Anyone involved in activism knows that anger can motivate people. There are so many things one should be angry about. Corruption, injustices, interminable traffic, problems resulting from a politically imposed overpopulation and the mega-power of the mega-rich. This is just a short list of a much longer menu of issues that legitimately make people angry.

Anger can also be a Christian duty.

“If a person did not become indignant at an injustice, if he did not feel something quivering in his gut at the oppression of the weak, it would mean that that person was not human, much less a Christian.” That’s what Pope Francis told his audience during his catechesis on anger last January.

But anger can be intoxicating if it becomes the sole or main driver of activism. There are people who are so busy being angry that they have no time or energy to do anything else. They are justifiably angry at the people causing the injustice. These anger-drenched armchair critics are also angry at those fighting corruption and injustice.
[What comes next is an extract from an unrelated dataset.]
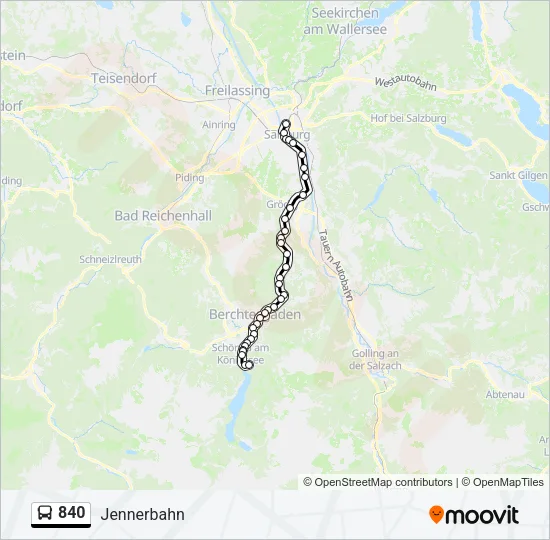 Автобус 840: карта маршрута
They say that these others are not doing enough and are not being effective.

These pathetic morons act as if fighting injustice is someone else’s duty and not theirs as well. They believe it is enough if they just continuously criticise others while not realising that their attitude does nothing but discourage those who, against all odds and at great personal sacrifice, strive to rectify things.
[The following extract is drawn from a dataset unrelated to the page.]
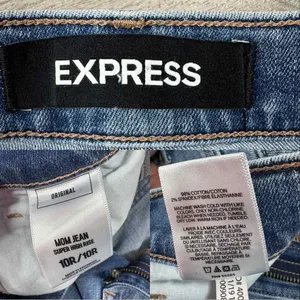 Express Super High Rise Mom Jeans‎ Blue 10 Crop Straight thumbnail 10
Others, though angry, mistakenly believe that the corrupt businessmen and politicians who try to lord it over us are more powerful than they actually are. As a result, the fighting spirit that could have arisen from their anger is crushed and they just slide into a sense of helplessness. They become bitter and cynical while believing that revenge is their only way out of this conundrum.
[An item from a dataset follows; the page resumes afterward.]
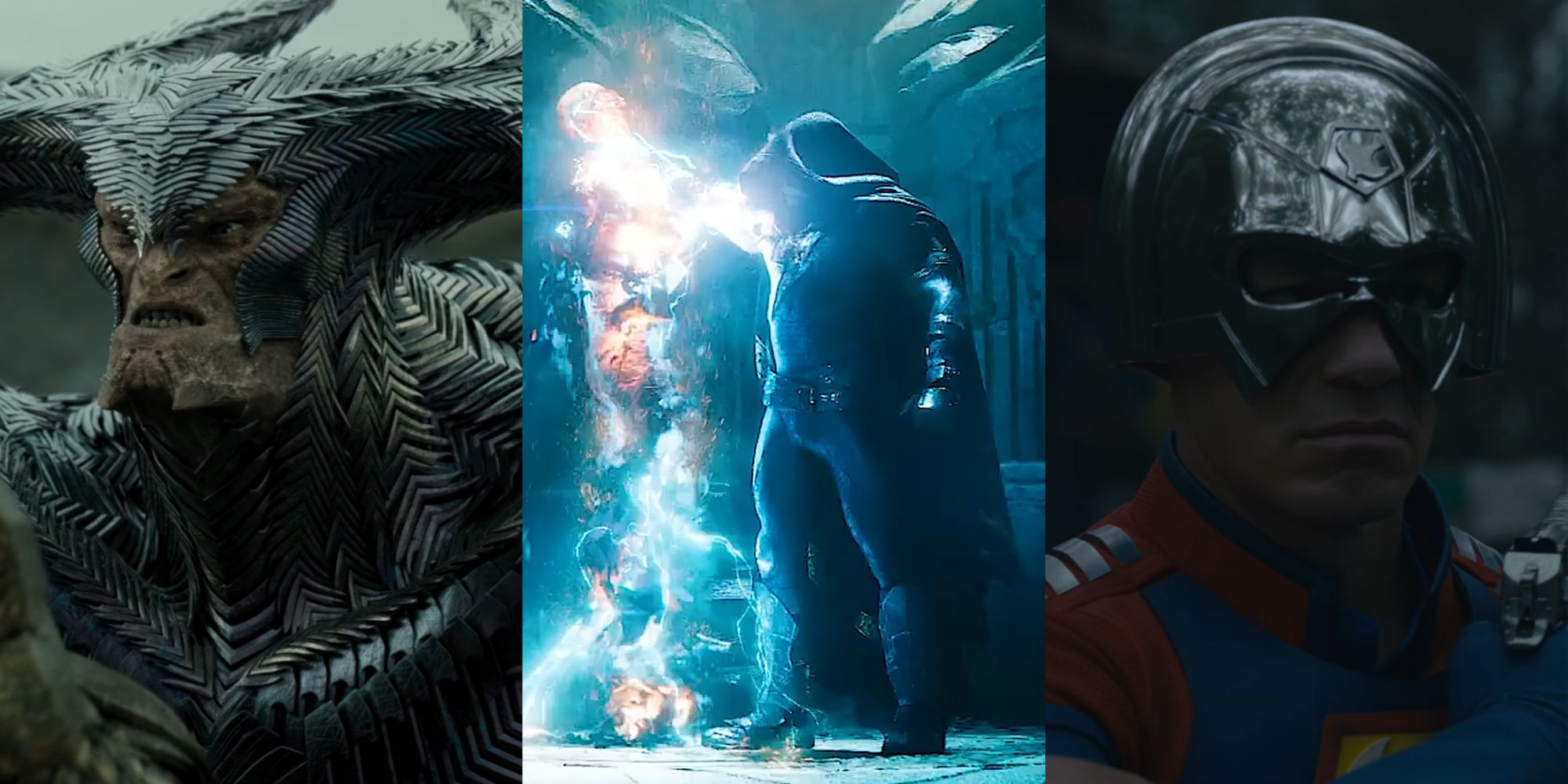 Split image of Steppenwolf, Black Adam, and Peacemaker across the DCU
There are others who are angry not because they seek revenge but because they want to restore what they love, for example, truth and justice as the basis of the common good, the care of mother earth, the elimination of corruption and the defence of the rights of those on the margins of society.

Thus, they don’t emphasise what cannot be done but lobby for what can be done. They are not awed by the power of the corrupt but are enthused by the collective power of like-minded people who want to bring about change. They don’t want to destroy but to build. They are after reconciliation and not elimination. This is a fighting strategy that can become a winning strategy.

Anger can be intoxicating if it becomes the sole or main driver of activism- Fr Joe Borg

In the course of a homily in the National Stadium at the Singapore Sports Hub this month, Pope Francis proposed a strategy based on the power of “the love that builds”. In answer to those who think that this is a naïve statement, he replied:

“If there is anything good that exists and endures in this world, it is only because, in innumerable situations, love has prevailed over hate, solidarity over indifference, generosity over selfishness.”

Political and civil society advocates inspired by the strategy of “the love that builds”  strive more to serve people than to acquire self-serving power. Such a strategy is robust as it is free from the politics of negative anger and cynicism. It can effectively combat corruption, injustice, policies based on self-interest, cronyism and arrogant governance. A political strategy based on “the love that builds” can really bring joy and hope, which people need as much as the air they breathe.

To the cynics that pooh-pooh this, I retort with the rhetorical question that George Lakoff, an American cognitive linguist and philosopher, asked during a podcast on FrameLab. If anger and hate can be a strategy, why can’t joy and hope?

He continued:

“If you feel good about somebody’s political views – if joining with them, voting for them, etc., makes you feel good, makes you feel happy – that’s the most powerful thing there can be in politics. If they identify with something deep inside you, with who you really are most deeply, that’s what this is about. This is about politics that identifies with who people are, and with what they need.”

If you think that this is too emotional and, so, not effective, note that, according to Lakoff, 80 per cent of our life is emotion and only 20 per cent is intellect.

Regarding the election in the US, Lakoff notes that while Donald Trump is running a campaign largely fuelled by anger, fear and grievance, Kamala Harris’s campaign is based on a strategy of joy together with the time-tested theme of freedom.

There are too many in Malta who, like Trump, think that their victory can only be achieved by a campaign of anger, fear and grievance.

Their continuous vitriolic attacks and the indiscriminate (in contrast to the strategic) ‘noħorġu fit-toroq’ appeals put many people off. This is a strategy doomed to fail for there is all over it the stamp of negativity and arrogance that is betrayed by the description of the people as stupid popolin.

 Many are not motivated by this negativity, even though they see the mountain of filth that engulfs us. The majority, I believe, want to clean the Augean stables that this nation has been turned into.

Anger could be a good start but on its own, I suspect, it will not get us to the finishing line.

To motivate people and drive them into action, one has to satisfy their yearning for a campaign that dares to dream of a realistic and an achievable better future.

For the marathon needed to clean and rebuild, people need the inspiration and encouragement that only joy and hope can provide.